[Action item]
Word for word, reproduce all entries below, leaving every picture out.

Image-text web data
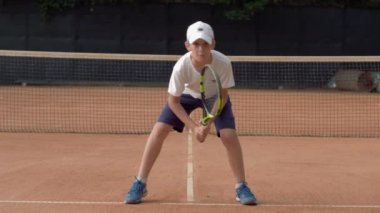 Tenis antrenmanı, kasıtlı genç çocuk sahada top olmadan servis tekniği uyguluyor ve maça hazır.
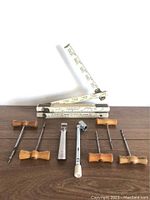 Photo showing folding rulers unfolded and several gimlets with wooden handles laid out, along with a pressure gauge and bottle opener.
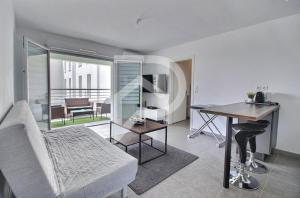 een woonkamer met een bed, een bureau en een tafel bij Apparemment T2 en résidence calme fermée in Marseille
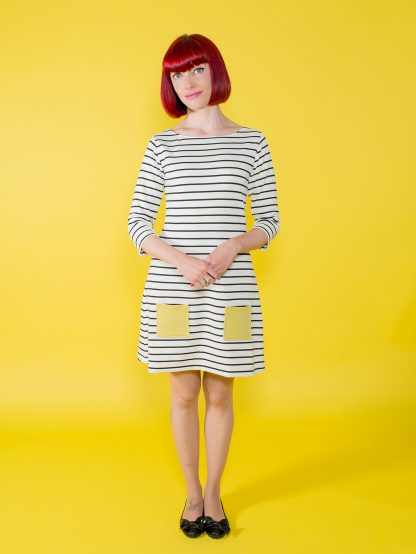 Woman wearing the Coco Dress sewing pattern from Tilly and the Buttons on The Fold Line. A dress pattern made in knit fabrics, featuring a boat neck, ¾ length sleeves, front patch pockets, and above knee length hem.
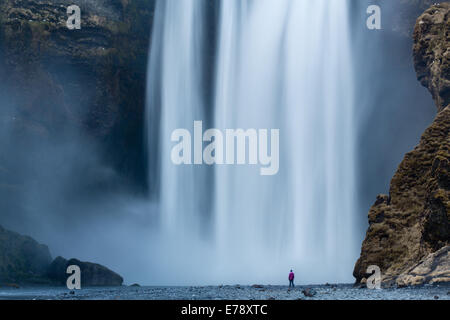 der einsame Figur von Wendy Stand am Fuße des Skógafoss, Süden Islands Stockfoto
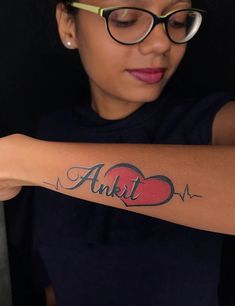 a woman with a heart tattoo on her arm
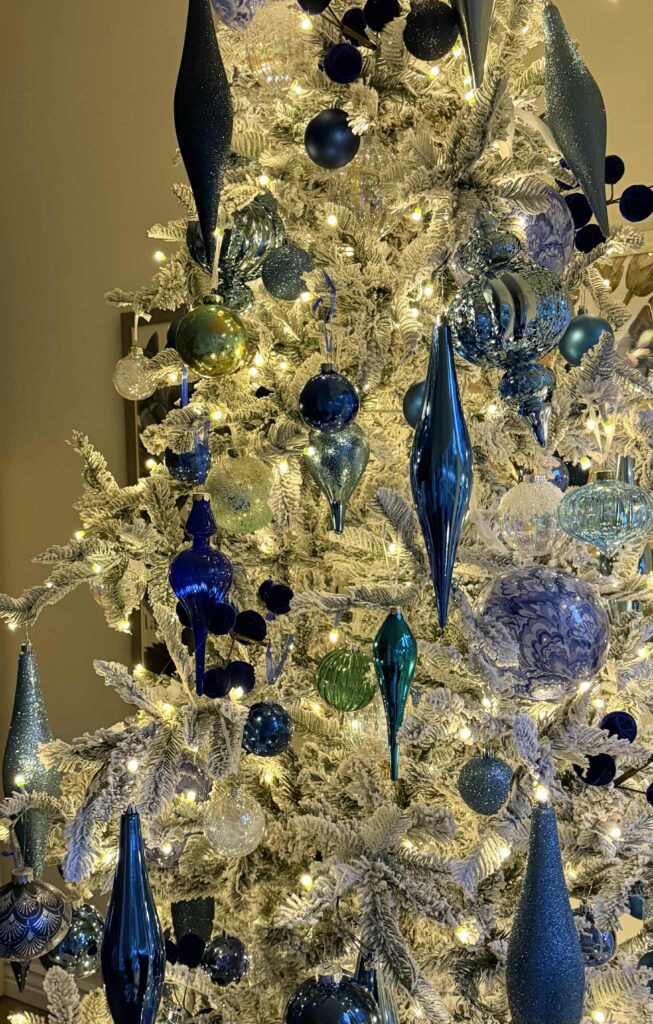 An illuminated decorated flocked Christmas tree.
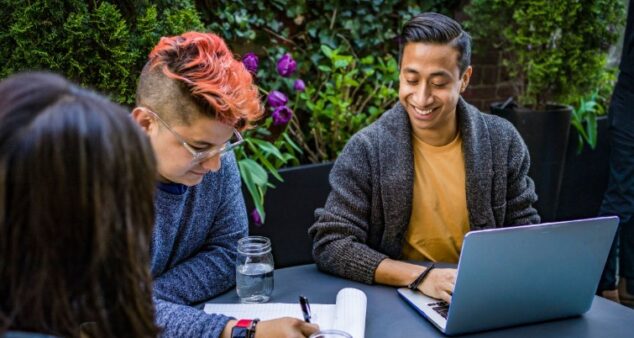 Students with paper and laptop sitting at a table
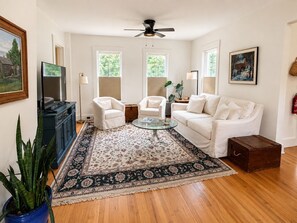 A living room with a sofa, two armchairs, a coffee table, a television, and a ceiling fan. - Riverfront 1800s Farmhouse, Sleeps 12+, Minutes from Killington + Woodstock (Bridgewater)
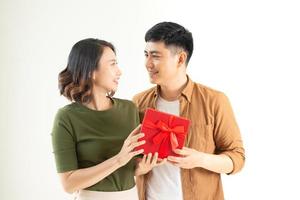 Hermosa joven pareja con presente aislado sobre fondo blanco. foto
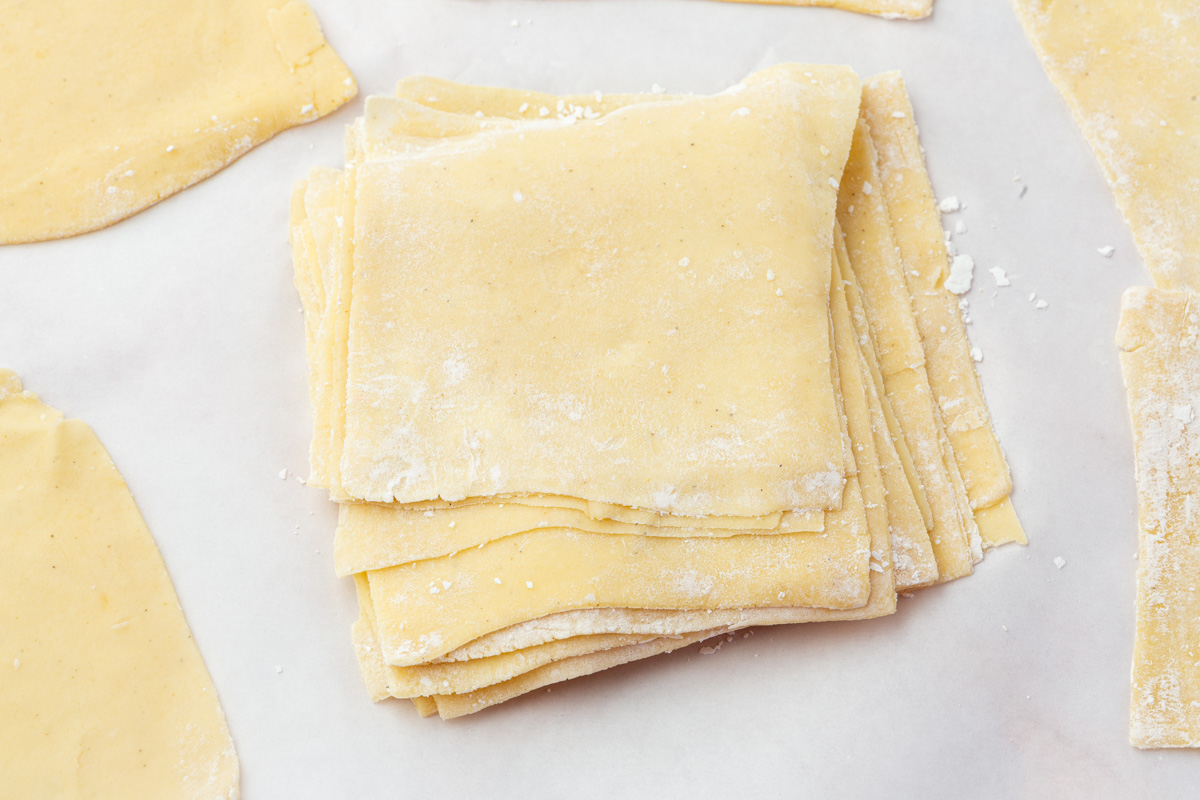 Stack of homemade gluten-free wonton wrappers lightly dusted with flour on parchment paper.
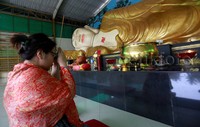 Seorang pengunjung tampak sedang berdoa di depan patung Biddha tidu raksasa di Vihara Buddha Dharma dan 8 Pho Sat, Bogor, Selasa (15/12/2015).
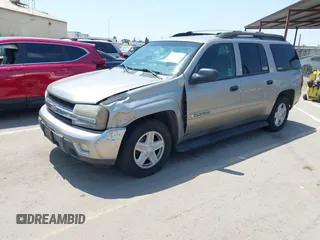 2003 Chevrolet TrailBlazer EXT LT with VIN 1GNES16S736233526, listed as a IAAI auction lot 42193747 with 197,471 mi miles. Bid and sale history available at carsss.com. Image 2.
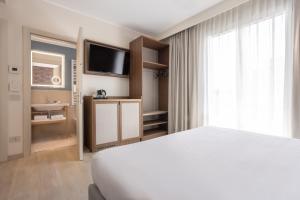 Postel nebo postele na pokoji v ubytování Hotel Diana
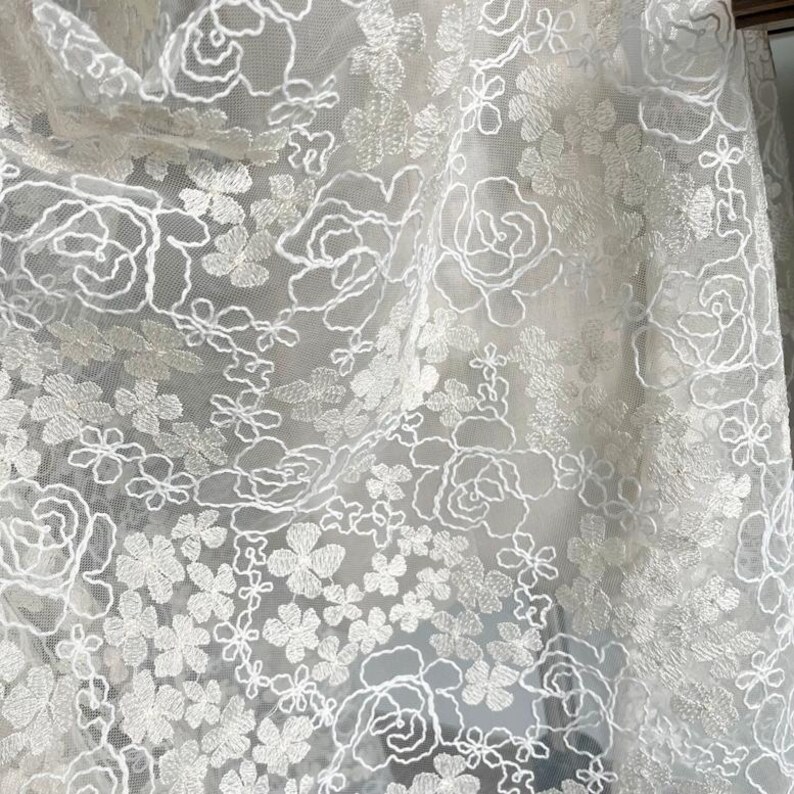May include: White floral lace fabric with a delicate pattern of small flowers and larger roses. The lace is sheer and has a soft, romantic feel.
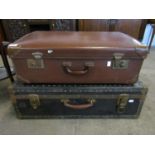 A brown suitcase together with another in blue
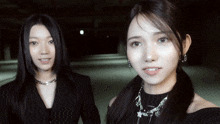 two women are standing next to each other and one is wearing a necklace that says " i love you "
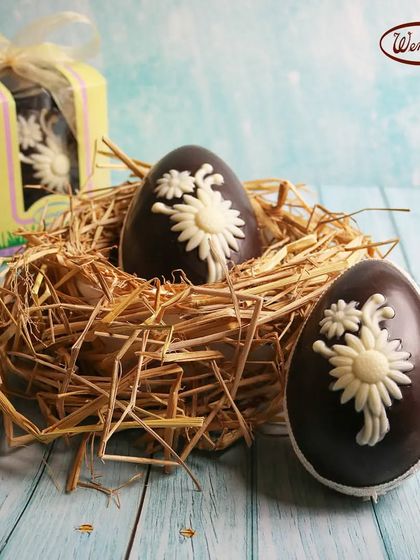 Our chocolate Easter eggs nestled in a straw nest. Each egg is decorated with a delicate white chocolate flower, showcasing our bakers' craftsmanship.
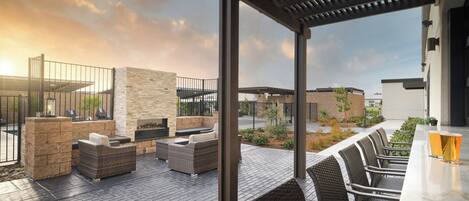An outdoor patio area with seating and a bar.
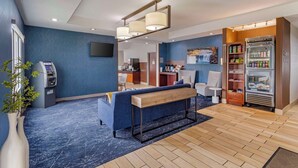 Un moderno hall de hotel con un sofá azul, un banco de madera, un refrigerador con bebidas y un quiosco de autoservicio.
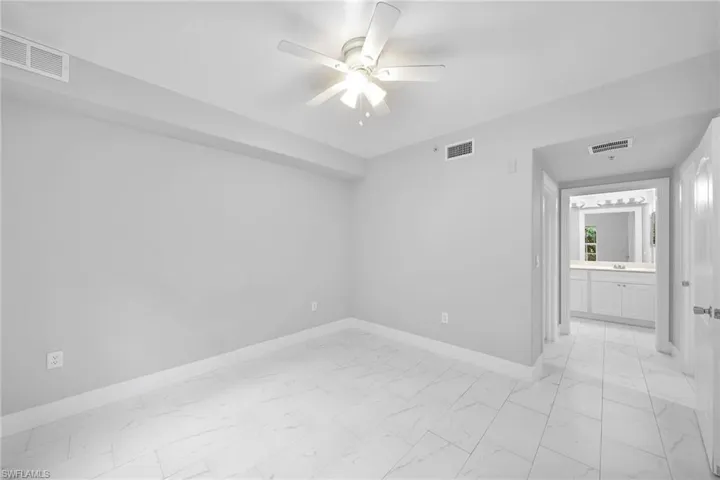 Empty room with light tile patterned flooring and ceiling fan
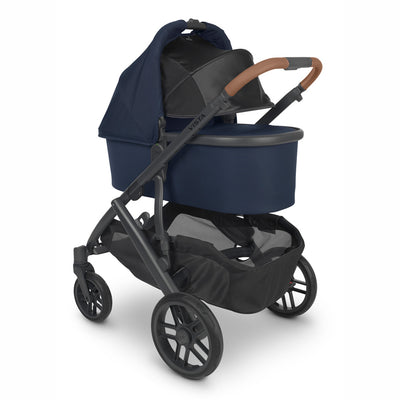 Side view of UPPAbaby Vista V2 Double Stroller with the bassinet in -- Color_Noa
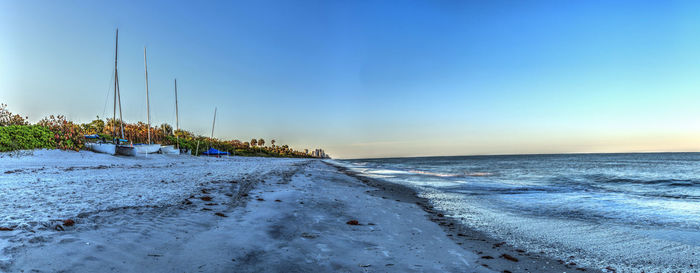 Scenic view of sea against clear sky during sunset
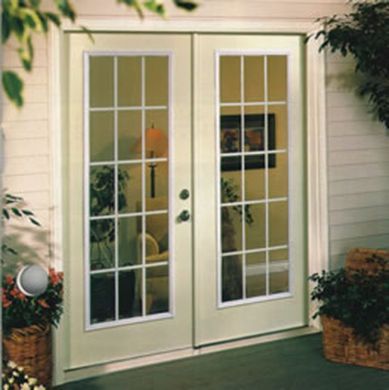 A white door with a lot of windows is open to a living room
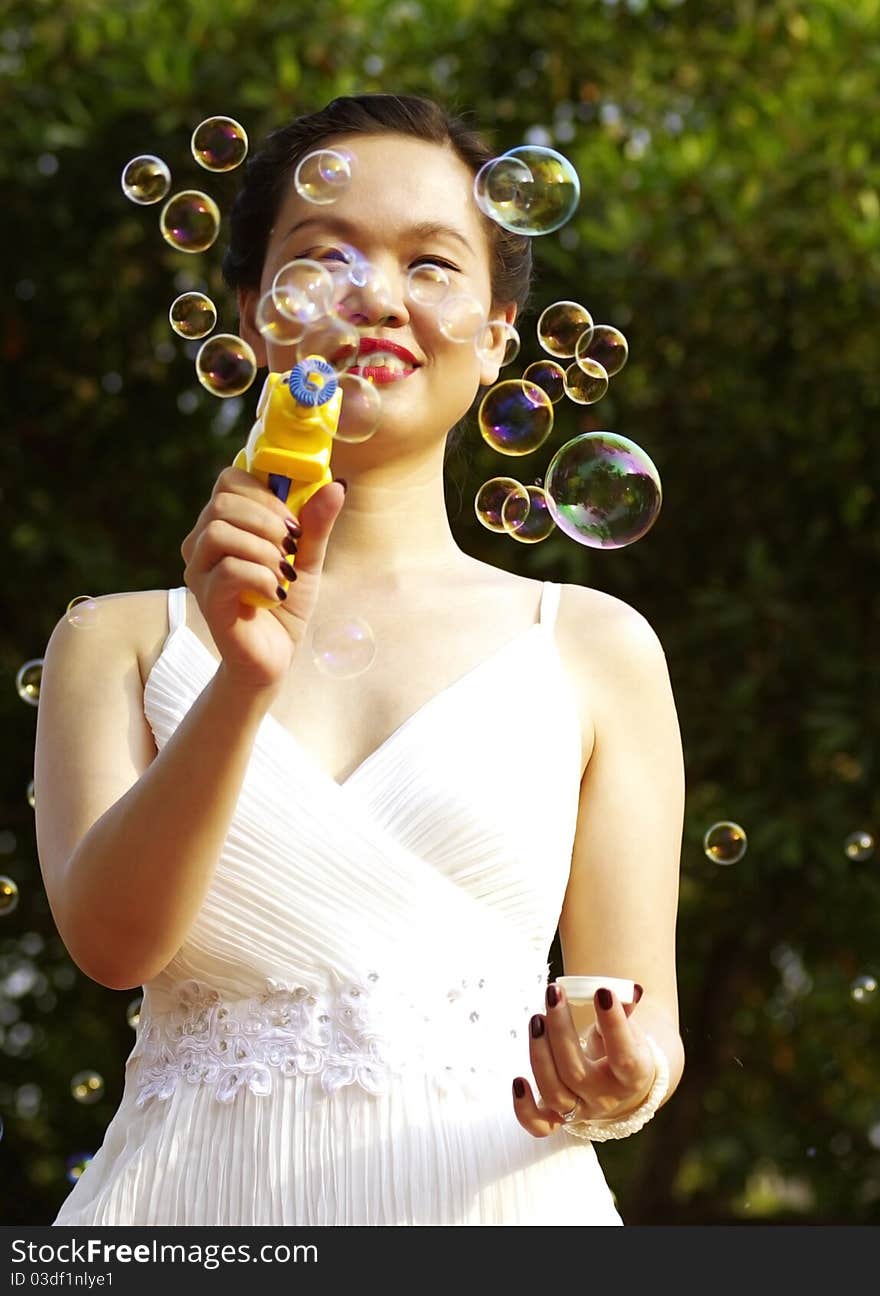 Young woman with soap bubbles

[Solved problem]
 Tenis antrenmanı, kasıtlı genç çocuk sahada top olmadan servis tekniği uyguluyor ve maça hazır.
 Photo showing folding rulers unfolded and several gimlets with wooden handles laid out, along with a pressure gauge and bottle opener.
 een woonkamer met een bed, een bureau en een tafel bij Apparemment T2 en résidence calme fermée in Marseille
 Woman wearing the Coco Dress sewing pattern from Tilly and the Buttons on The Fold Line. A dress pattern made in knit fabrics, featuring a boat neck, ¾ length sleeves, front patch pockets, and above knee length hem.
 der einsame Figur von Wendy Stand am Fuße des Skógafoss, Süden Islands Stockfoto
 a woman with a heart tattoo on her arm
 An illuminated decorated flocked Christmas tree.
 Students with paper and laptop sitting at a table
 A living room with a sofa, two armchairs, a coffee table, a television, and a ceiling fan. - Riverfront 1800s Farmhouse, Sleeps 12+, Minutes from Killington + Woodstock (Bridgewater)
 Hermosa joven pareja con presente aislado sobre fondo blanco. foto
 Stack of homemade gluten-free wonton wrappers lightly dusted with flour on parchment paper.
 Seorang pengunjung tampak sedang berdoa di depan patung Biddha tidu raksasa di Vihara Buddha Dharma dan 8 Pho Sat, Bogor, Selasa (15/12/2015).
 2003 Chevrolet TrailBlazer EXT LT with VIN 1GNES16S736233526, listed as a IAAI auction lot 42193747 with 197,471 mi miles. Bid and sale history available at carsss.com. Image 2.
 Postel nebo postele na pokoji v ubytování Hotel Diana
May include: White floral lace fabric with a delicate pattern of small flowers and larger roses. The lace is sheer and has a soft, romantic feel.
 A brown suitcase together with another in blue
 two women are standing next to each other and one is wearing a necklace that says " i love you "
 Our chocolate Easter eggs nestled in a straw nest. Each egg is decorated with a delicate white chocolate flower, showcasing our bakers' craftsmanship.
An outdoor patio area with seating and a bar.
 Un moderno hall de hotel con un sofá azul, un banco de madera, un refrigerador con bebidas y un quiosco de autoservicio.
 Empty room with light tile patterned flooring and ceiling fan
 Side view of UPPAbaby Vista V2 Double Stroller with the bassinet in -- Color_Noa
 Scenic view of sea against clear sky during sunset
 A white door with a lot of windows is open to a living room
 Young woman with soap bubbles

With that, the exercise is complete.